La Constitution a connu plusieurs évolutions qui ont donné au président sous la Ve République une place primordiale dans le fonctionnement institutionnel français, alors qu’il n’était pratiquement qu’une autorité morale sous la IIIe et la IVe République. Retour sur l’évolution du rôle du chef de l'État à travers l’histoire républicaine, à l’heure où la France se choisit un nouveau président.

L'histoire commence après la Révolution de 1789, avec la Ire République (entre septembre 1792 et mai 1804), officiellement nommée République française. Le 21 septembre 1792, les députés de la Convention, réunis pour la première fois, décident à l’unanimité l’abolition de la monarchie en France et annoncent ainsi une nouvelle ère de gouvernance. Mais la République ne fut jamais officiellement proclamée. Le 22 septembre 1792, la décision est prise de dater les actes de l’an I de la République et le 25 septembre 1792, la République est déclarée une et indivisible.

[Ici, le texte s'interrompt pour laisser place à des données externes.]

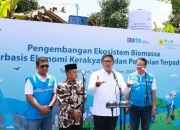Ubah Lahan Kritis Jadi Hijau dan Produktif, PLN Kembangkan Ekosistem Biomassa Berbasis Pertanian Terpadu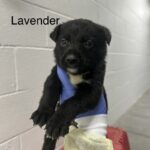 August A2262414 Lavender is a Shepherd, German.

La Ire République passera par trois formes de gouvernement : la Convention nationale (1792-1794), le Directoire (1795-1799) fondé par la Constitution de l’an III, et le Consulat (1799-1804) issu du coup d’État du 18 Brumaire qui prend fin avec le couronnement de Napoléon 1er et l’instauration du Premier Empire. Dans la Constitution de l’an XII, il est précisé que le gouvernement de la République est confié à un empereur héréditaire. L’usage du nom de République tombe ensuite en désuétude.

IIe et IIIe République

La IIe République est le régime politique en France du 24 février 1848, date de la proclamation provisoire de la République à Paris, jusqu'au 2 décembre 1851, lors du coup d'État de Louis-Napoléon Bonaparte. Elle fait suite à la Monarchie de Juillet et est remplacée par le Second Empire. Cette IIe République, originale par sa brièveté et par le fait qu'elle est le dernier régime à avoir été institué à la suite d'une révolution, applique pour la première fois le suffrage universel (masculin) en France et abolit définitivement l’esclavage dans les colonies françaises.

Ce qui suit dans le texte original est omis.